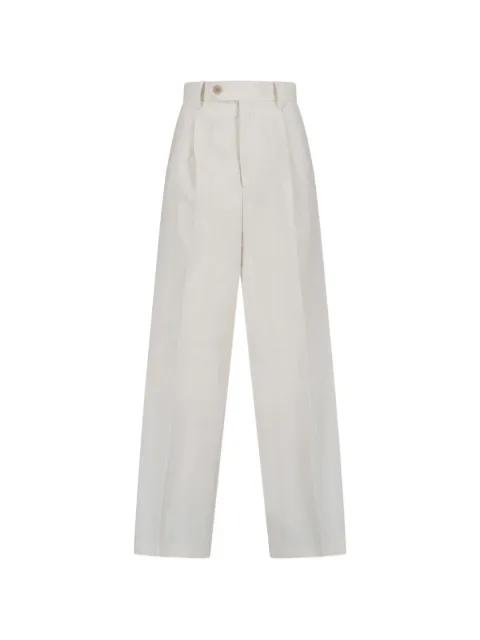 pleated tailored trousers by AURALEE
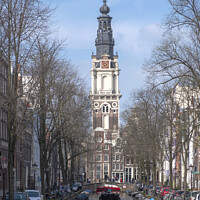 Buy canvas prints of Ornate Church Clocktower at the end of a canal in Amsterdam by Adrian Beese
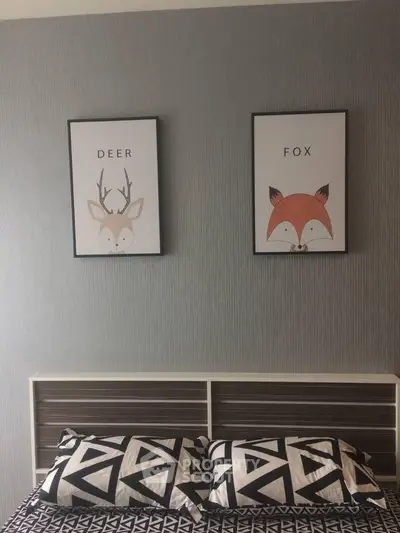 Stylish bedroom with modern decor and animal-themed artwork above bed.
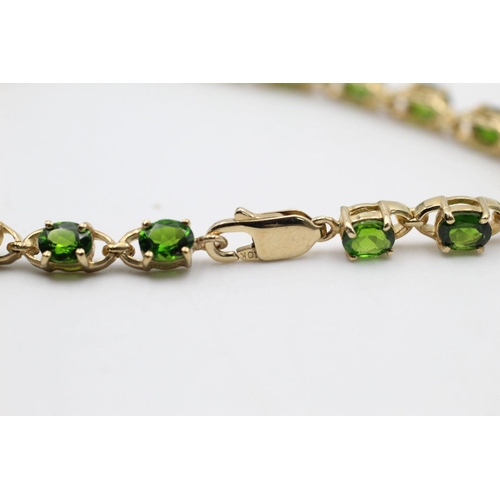 139 - 9ct gold Green gemstone line bracelet 9.5 grams gross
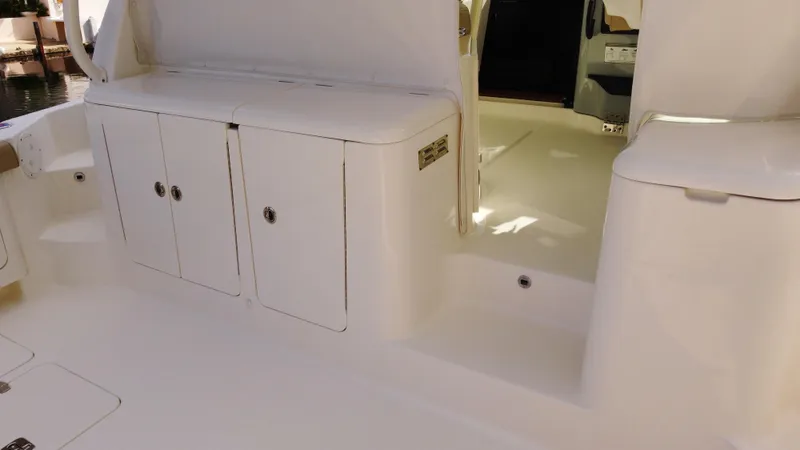 Slide: The Image of 2020 Pursuit OS 385 Offshore boat interior with storage compartments. - 12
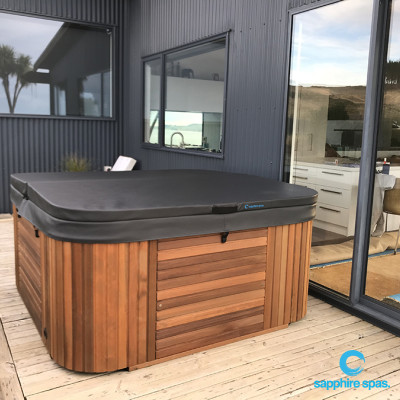 Handcrafted timber cabinet is highlighted by the bold black colorbond cladding thanks to the team @ Spa Pools Otago NZ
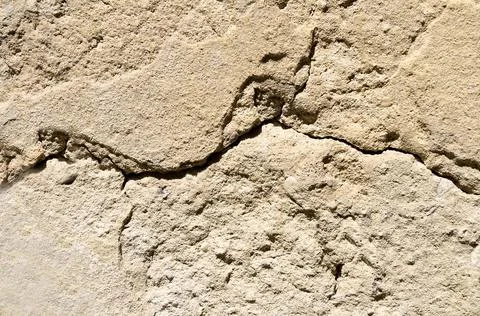 Rough cracked brown surface close-up.Texture or background Stock Photos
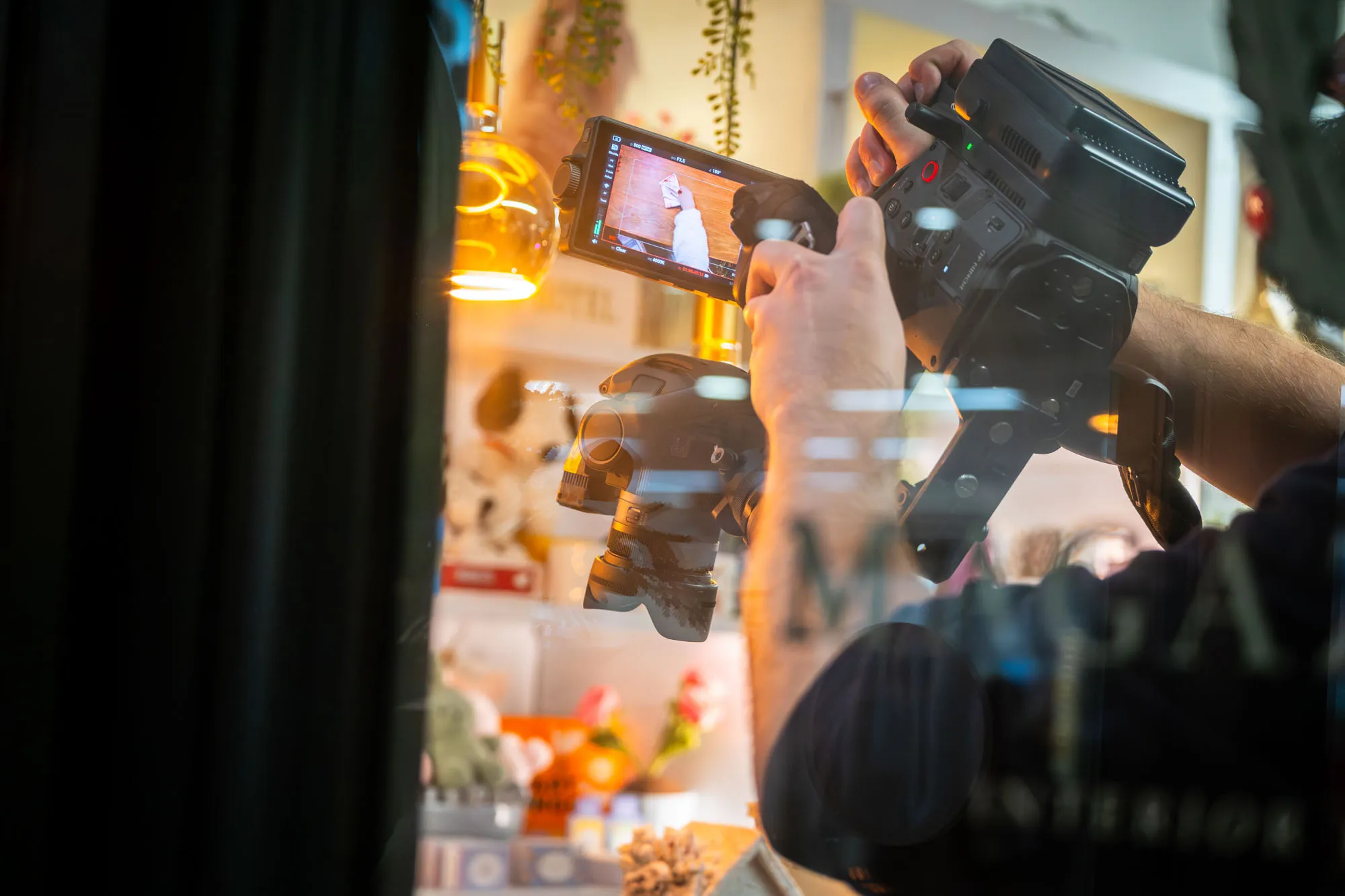A person films through glass with a camera rig, capturing a brightly lit indoor scene with hanging plants and decorations. The atmosphere feels lively and creative.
────────────────────────────────────────
## DESCRIPTION OF THE TASK
The lines to retype run from the one containing "Slide: The Image" through the last line of the records above; write them exactly and skip the pictures.

## RESULT FOR THIS EXERCISE
 Slide: The Image of 2020 Pursuit OS 385 Offshore boat interior with storage compartments. - 12
 Handcrafted timber cabinet is highlighted by the bold black colorbond cladding thanks to the team @ Spa Pools Otago NZ
 Rough cracked brown surface close-up.Texture or background Stock Photos
A person films through glass with a camera rig, capturing a brightly lit indoor scene with hanging plants and decorations. The atmosphere feels lively and creative.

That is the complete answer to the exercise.